When that might happen, if it happens at all, is not clear. The council lists the issue only as a “presentation” by Randolph on its agenda, not as an item up for a formal vote. Trump, in the meantime, has been living at Mar-a-Lago full time since Jan. 20, the day of successor Joe Biden’s inauguration.

The legal review by Randolph was sparked by complaints by some residents and lawyer Reginald Stambaugh, who cited Trump’s promise at the time of the 1993 agreement. Stambaugh did not respond to HuffPost queries on Monday but wrote in a Dec. 15 letter to the town council that there were a number of homes on the market in Palm Beach that Trump could choose from to live in if he wanted.

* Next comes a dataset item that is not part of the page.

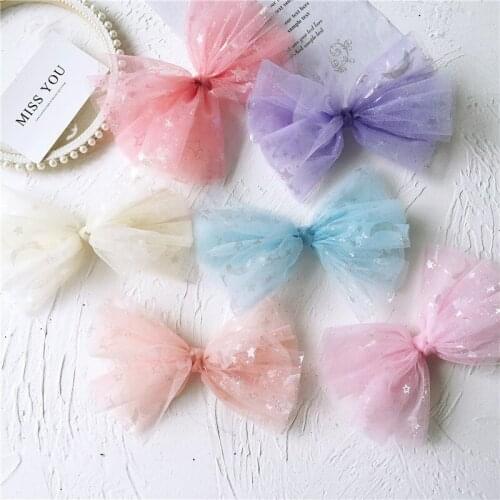 Wholesale 30pcs Fashion Glitter Star Mesh Bow DIY Parts for Hairpins Hair Clips Big Gauze Bowknot DIY Hair Accessories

Even that, however, would not be necessary, as Trump already owns three houses adjacent to Mar-a-Lago or its beach club across the street: a 10,000-square-foot oceanfront home at 1125 S. Ocean Blvd., just north of Mar-a-Lago’s beach club, which he bought from his sister Maryanne Trump Barry in 2018 for $18.5 million; a 6,000-square-foot house across the street at 1094 S. Ocean Blvd., estimated at $10.4 million; and a 3,000-square-foot house just to its west at 124 Woodbridge Road, estimated at $3.3 million.

Laurence Leamer, a Palm Beach author who wrote a book about Mar-a-Lago and Trump’s presidency, said Trump would not be happy living in any of those places because it would require a walk or a golf cart ride to visit his club, where he is certain to find admirers who have paid hundreds of thousands of dollars to join and remain as members and who will praise and compliment him when they see him.

“He needs to have people telling him he’s great all the time,” Leamer said, adding that he doubts the town council will have much interest in creating a controversy over Trump’s choice to live at Mar-a-Lago, regardless of what he promised three decades ago. “They’re not going to pick a fight with him.”

Palm Beach Town Council members are scheduled to hear Randolph’s presentation Tuesday morning, just hours before the U.S. Senate is to begin its second impeachment trial against Trump, this time for inciting a deadly insurrection at the U.S. Capitol on Jan. 6 in an attempt to overturn the election he lost two months earlier.